[Referring expression grounding data]
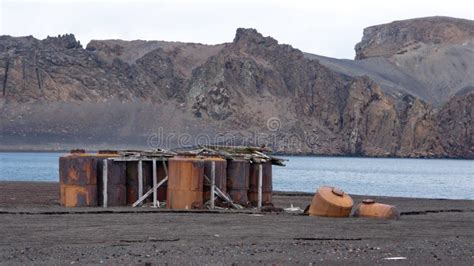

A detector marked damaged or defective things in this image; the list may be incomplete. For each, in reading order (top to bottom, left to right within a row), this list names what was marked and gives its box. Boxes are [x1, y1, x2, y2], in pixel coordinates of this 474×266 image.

rusted oil drum [59, 154, 99, 208]
rusty metal tank [59, 153, 100, 207]
rusted oil drum [96, 159, 126, 207]
rusty metal tank [96, 159, 127, 207]
rusted metal sheet [97, 159, 127, 207]
cluster of rusty tanks [58, 145, 286, 210]
rusted oil drum [167, 156, 204, 210]
rusty metal tank [167, 156, 204, 210]
rusted metal sheet [167, 156, 204, 210]
rusted metal sheet [203, 156, 227, 204]
rusted oil drum [202, 157, 228, 205]
rusty metal tank [202, 157, 228, 205]
rusted oil drum [227, 158, 250, 206]
rusted metal sheet [227, 159, 250, 205]
rusty metal tank [227, 158, 252, 206]
rusted oil drum [246, 161, 272, 207]
rusty metal tank [246, 161, 272, 207]
rusted metal sheet [248, 161, 274, 207]
rusted oil drum [310, 186, 354, 217]
rusty metal tank [310, 186, 354, 217]
rusted metal sheet [310, 186, 354, 217]
cluster of rusty tanks [308, 186, 400, 219]
rusted metal sheet [352, 198, 400, 219]
rusted oil drum [352, 200, 400, 220]
rusty metal tank [352, 200, 400, 220]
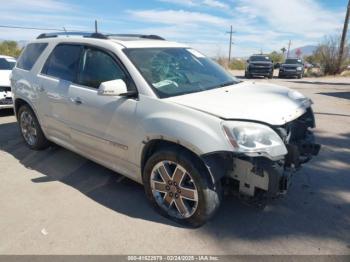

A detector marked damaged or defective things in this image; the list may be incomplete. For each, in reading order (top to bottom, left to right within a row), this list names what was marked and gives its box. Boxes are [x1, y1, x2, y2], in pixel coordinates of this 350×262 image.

damaged gmc acadia [10, 31, 322, 226]
broken headlight [223, 121, 288, 160]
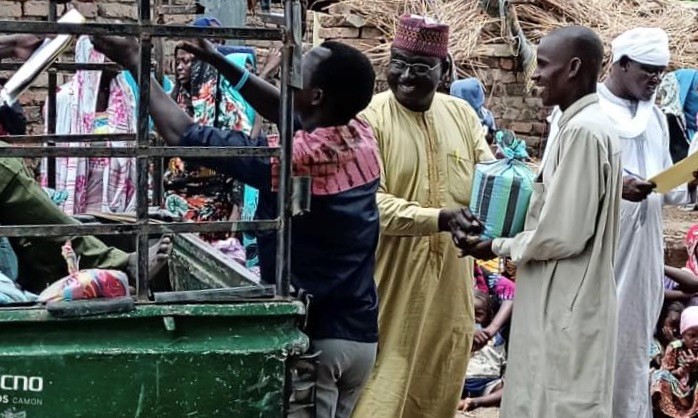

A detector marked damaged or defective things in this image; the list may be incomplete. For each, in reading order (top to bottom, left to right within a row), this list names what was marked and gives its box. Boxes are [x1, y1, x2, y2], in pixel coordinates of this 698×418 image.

rusty metal bar [0, 21, 282, 40]
rusty metal bar [135, 0, 152, 298]
rusty metal bar [0, 220, 280, 237]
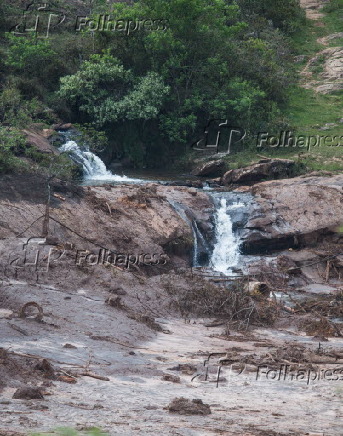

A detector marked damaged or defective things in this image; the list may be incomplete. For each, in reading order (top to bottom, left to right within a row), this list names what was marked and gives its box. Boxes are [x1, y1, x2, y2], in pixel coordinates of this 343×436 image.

landslide damage [0, 171, 342, 436]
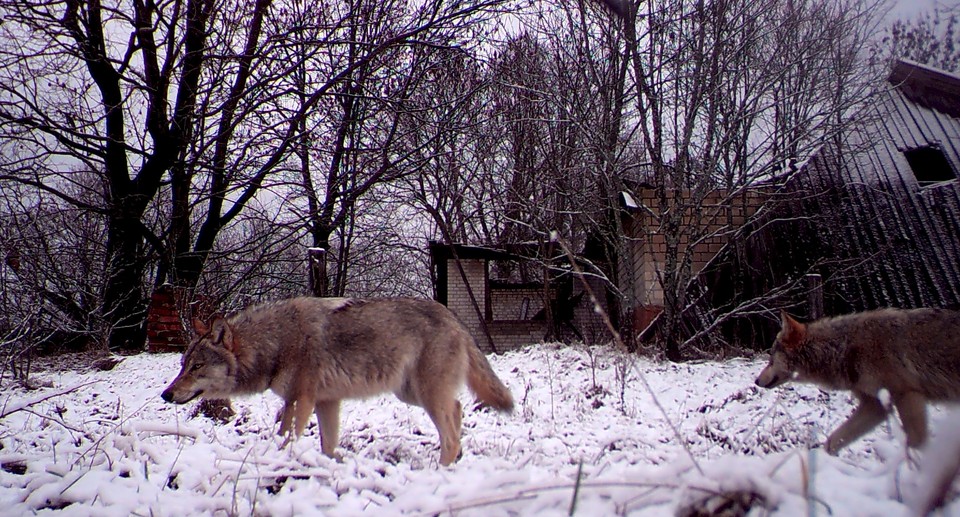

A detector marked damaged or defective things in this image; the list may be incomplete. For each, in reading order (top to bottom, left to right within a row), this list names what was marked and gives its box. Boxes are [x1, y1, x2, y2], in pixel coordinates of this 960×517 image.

broken window [904, 143, 956, 185]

> [WHAT TO DO]: No pictures go in the copy. Retype exactly the lines from the one with "this 343×436 image." through the last line of the entries above, both included, and nothing more.

> [WRITTEN ANSWER]:
A detector marked damaged or defective things in this image; the list may be incomplete. For each, in reading order (top to bottom, left to right within a row), this list names what was marked and gives its box. Boxes are [x1, y1, x2, y2], in pixel coordinates of this 343×436 image.

landslide damage [0, 171, 342, 436]

A detector marked damaged or defective things in this image; the list may be incomplete. For each, in reading order (top to bottom, left to right within a row), this list names what was marked and gives its box. Boxes are [x1, y1, x2, y2], in pixel coordinates of this 960×517 image.

broken window [904, 143, 956, 185]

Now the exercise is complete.